WHAT YOU SHOULD DO
Apart from the pictures, reproduce the data below exactly as it stands.

EXTRACTED MATERIAL
Content starts

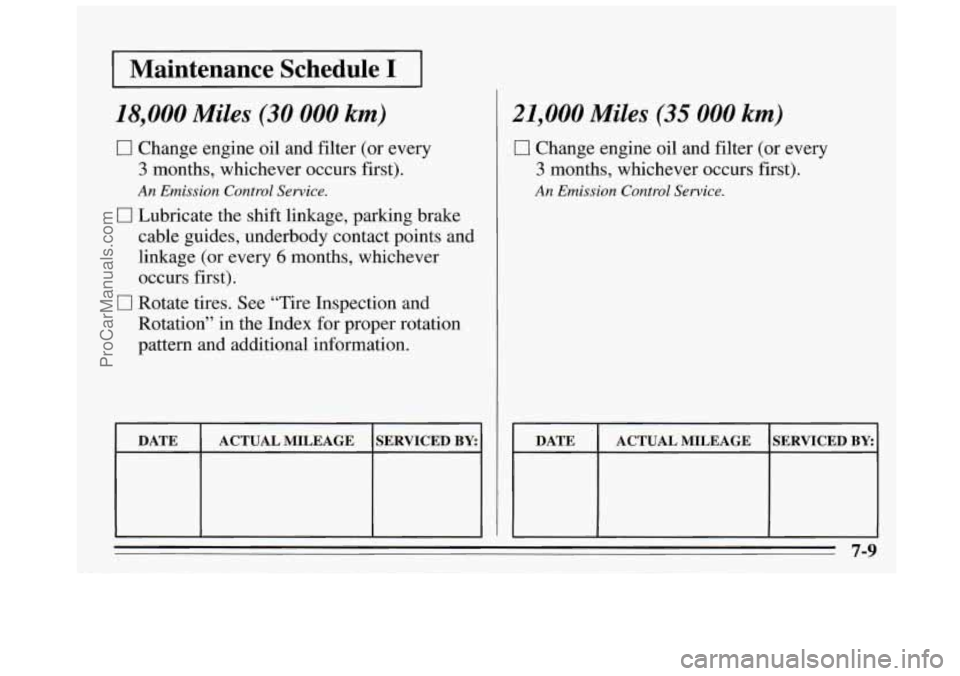 BUICK REGAL 1995 Owners Manual I Maintenance Schedule I I
18,000 Miles (30 000 km)
0 Change engine oil and filter (or every
3 months, whichever occurs first).
An Emission Control Service.
0 Lubricate the shift linkage, BUICK REGAL 1995 Owners Manual I Maintenance Schedule I I
18,000 Miles (30 000 km)
0 Change engine oil and filter (or every
3 months, whichever occurs first).
An Emission Control Service.
0 Lubricate the shift linkage,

Content ends

RESPONSE TO THE EXERCISE
 BUICK REGAL 1995 Owners Manual I Maintenance Schedule I I
18,000 Miles (30 000 km)
0 Change engine oil and filter (or every
3 months, whichever occurs first).
An Emission Control Service.
0 Lubricate the shift linkage, BUICK REGAL 1995 Owners Manual I Maintenance Schedule I I
18,000 Miles (30 000 km)
0 Change engine oil and filter (or every
3 months, whichever occurs first).
An Emission Control Service.
0 Lubricate the shift linkage,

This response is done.